When we first went to Stafford to pick up Queenie for the 5 day journey home we soon found out that she had a ‘singing propeller’. This sound sometimes occurs when a combination of propeller diameter, speed (rpm) , trailing edge size, roundness and thickness are just at the right levels to cause a vibration which, when I first heard it, was a scary siren-like sound.
Unfortunately Queenie’s 'singing prop' sang at just the speed you need to take when passing other boats in a nice, slow considerate manner. This was such an inconvenience and, because the ‘singing propeller’ noise was new to me and I had no idea why it was happening, I felt as though I had been ripped off (worried that perhaps I had been sold a 'singing pup'). There was no way I wanted to fork out anymore money! And how was I going to have time to get a crane lift before the boat goes out on hire?
However, after 2 days of travel to get the boat back to base I began to feel a sense of calm and reassurance whenever I heard the ‘singing prop’. It’s siren sound became some kind of expectant warning in my mind (but probably something else to everyone we passed) that we were on our way, life was changing, and this new venture of adding a second boat and becoming a fleet was going to be one of the most significant things I had done ever!

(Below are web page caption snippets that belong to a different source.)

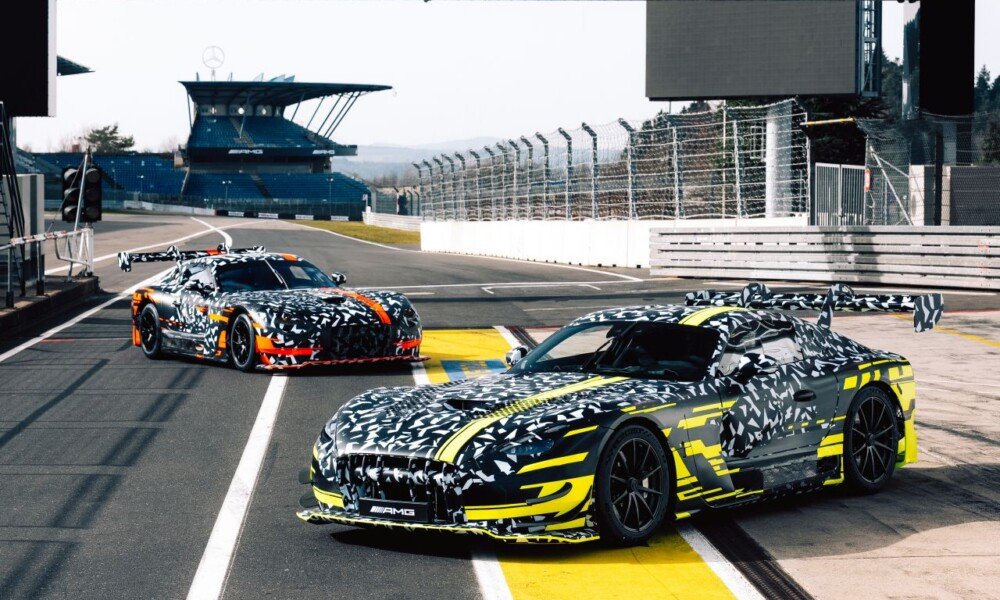 2027 Mercedes-AMG GT Black Series teased: The most extreme ever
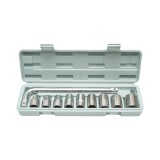 Trusa chei tubulare 8-21 mm, 10 piese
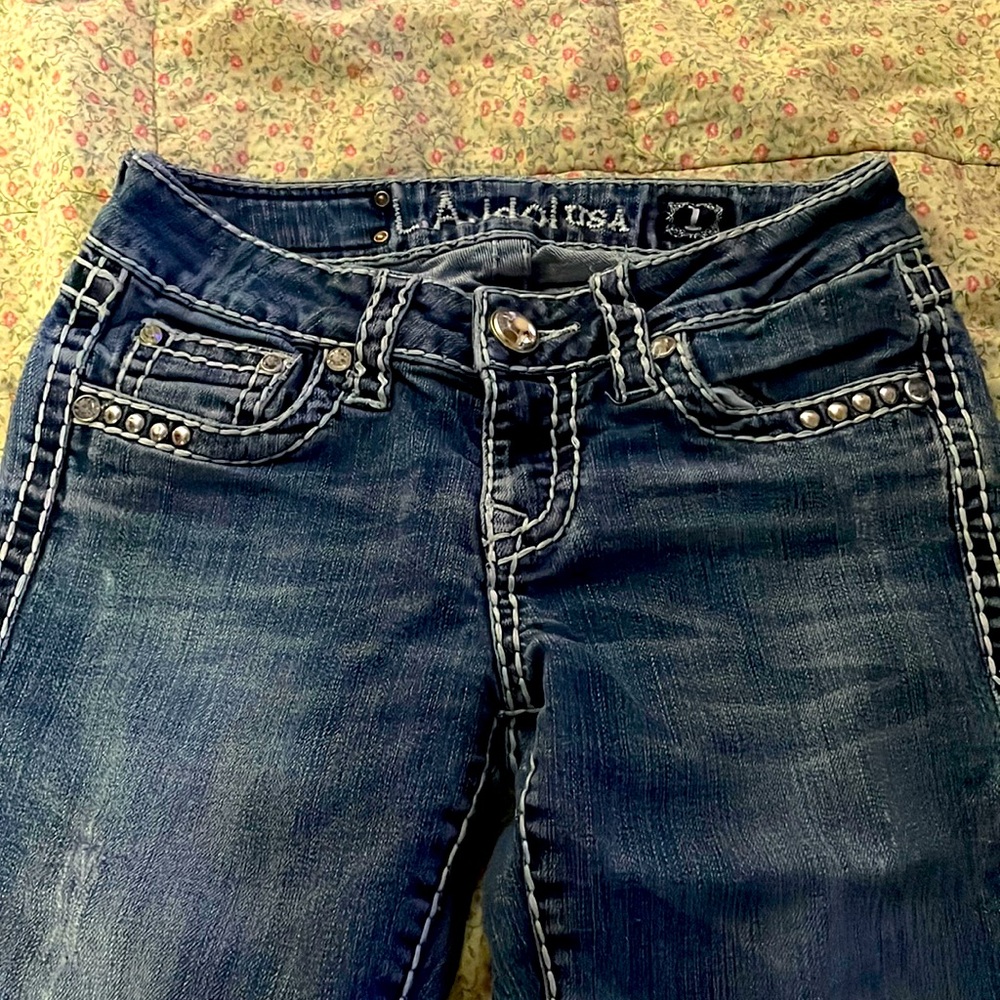 LA Idol USA Size 1 jeans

(Waiting to go through the Harecastle Tunnel which is nearly 2.7 km long - day 2).
Yesterday the propeller was taken off Queenie. I drove it to Crowther Marine in Oldham who filed it down and then it was fixed back onto the boat and the boat was placed back into the water. We weren’t sure if the 'singing prop' had been sung.
We took Queenie for a sedate spin: no ‘singing prop’ and I gave the thumbs up to the marina staff who had helped me get it sorted. I was so relieved but at the same time I somehow felt a bit wistful because the siren sound had been such good company on our 5 day journey. I can still hear it, reminding me that life is changing and, in fact, Queenie’s life has only just begun.